Jar Testing: The Only Way to Find What Actually Works

Let me be direct: when I’m called into a site like Fenside, the jar test is where the answer lives. Not in supplier data sheets, not in what worked on a neighbouring site, and definitely not in what’s been on the supply contract for three years without review. Jar testing is the non-negotiable foundation of any serious polymer optimisation programme, and if you want to understand why in more depth than I’m going to cover here, my piece on Why Jar Testing is the Foundation of Effective PAM Treatment sets out the full methodology and the principles behind it.

For Fenside, we ran a structured screening across ten candidate products, varying three parameters:

1. Cationic charge density (ionicity): 40%, 50%, 60%, and 70%
2. Molecular weight: High (12–15 MDa) and Very high (17–20 MDa)
3. Physical form: All candidates tested as inverse emulsion (make-down at 0.2% w/v active), which is standard for centrifuge applications given the need for rapid hydration and dosing at speed

The jar test procedure for centrifuge polymer screening is slightly different from what I use for filter press or settling applications. We’re primarily interested in floc strength and drainage characteristics rather than settling velocity, because the centrifuge applies a G-force rather than relying on gravity settling. So the protocol was:

  • 500 mL freshly collected centrifuge feed in each jar
  • Dose range: 4 to 12 kg active polymer per tonne of dry solids
  • Fast mix (250 rpm) for 20 seconds, slow mix (40 rpm) for 90 seconds
  • Immediate drainage test through 100-mesh stainless steel screen
  • Filtrate turbidity at 60 seconds (NTU)
  • Cake solids measurement after 3 minutes of drainage
  • Floc visual score (1–5) for size, cohesion, and shear resistance under gentle agitation

We also ran a capillary suction time (CST) test on each dosed sample, which gives a useful proxy for dewaterability.

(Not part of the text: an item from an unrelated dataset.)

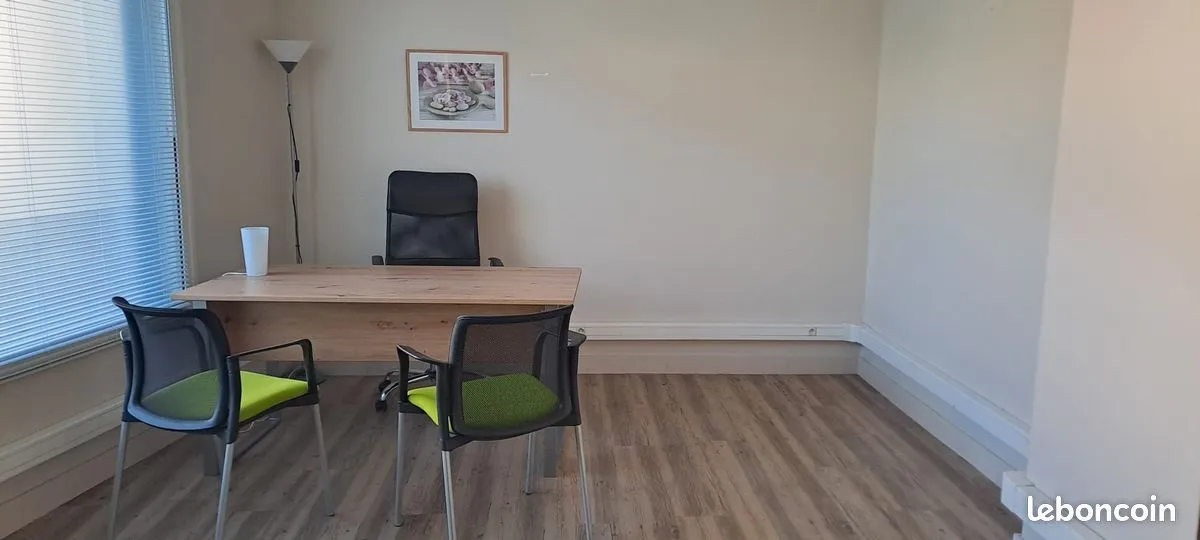 Bureau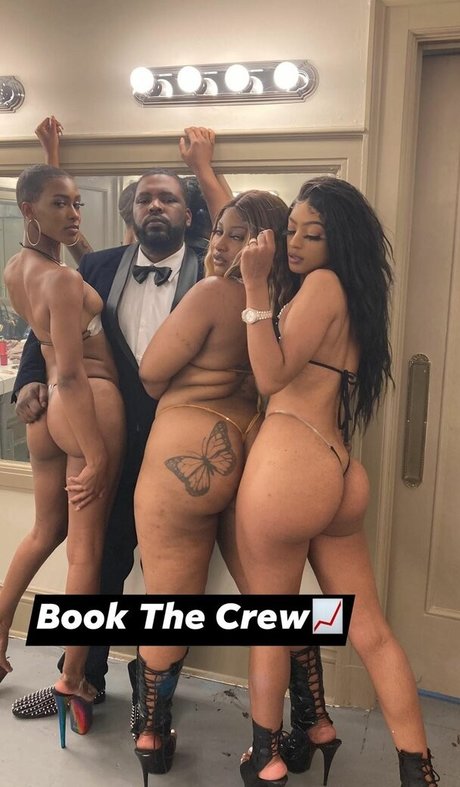 honeyqoldd beste sex galerien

The results were clear, though not entirely what I’d predicted going in.

The winning product was a very-high-molecular-weight (18.4 MDa), 60% ionicity cationic emulsion polymer.

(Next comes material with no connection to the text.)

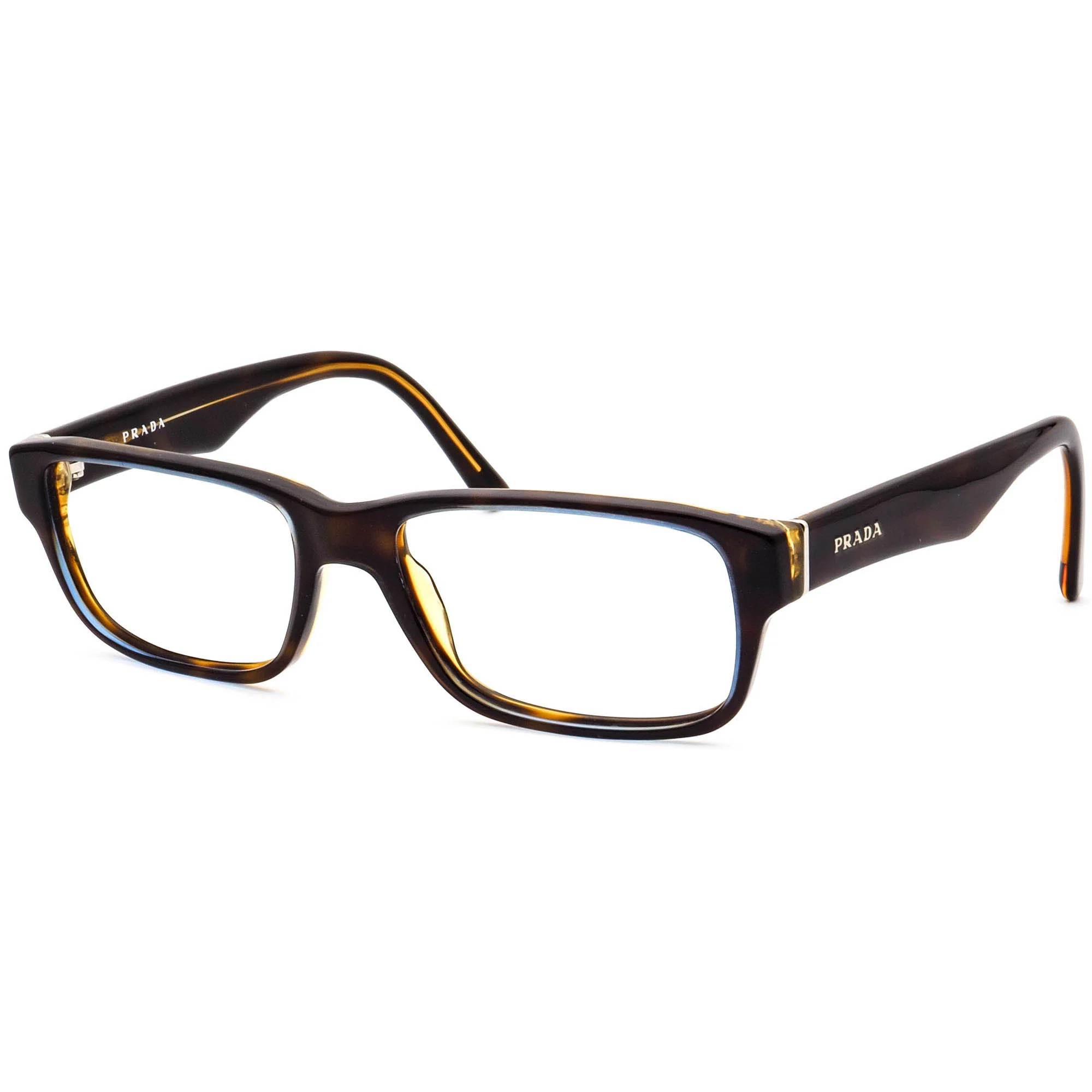 Prada VPR 16M ZXH-1O1   53□16 140 - Image 3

At an optimal dose of 7.2 kg active/tonne DS, it delivered:

  • Filtrate turbidity at 60 seconds: 38 NTU
  • CST: 14 seconds (vs. 68 seconds undosed and 41 seconds with the existing product at its working dose)
  • Drainage cake solids after 3 minutes: 27.4% DS
  • Floc score: 4.7/5 — large, cohesive, good shear resistance

The existing product — 35% ionicity, high MW — at its operational dose of 9.8 kg active/tonne DS achieved:

  • Filtrate turbidity: 112 NTU
  • CST: 41 seconds
  • Drainage cake solids: 20.8% DS
  • Floc score: 3.2/5

The 60% ionicity product was neutralising the EPS charge demand more effectively, leaving enough residual polymer to do the actual particle bridging work. The very high molecular weight was generating flocs with the physical strength to survive the shear environment inside the centrifuge bowl. Both factors mattered. Neither alone would have given us the full result.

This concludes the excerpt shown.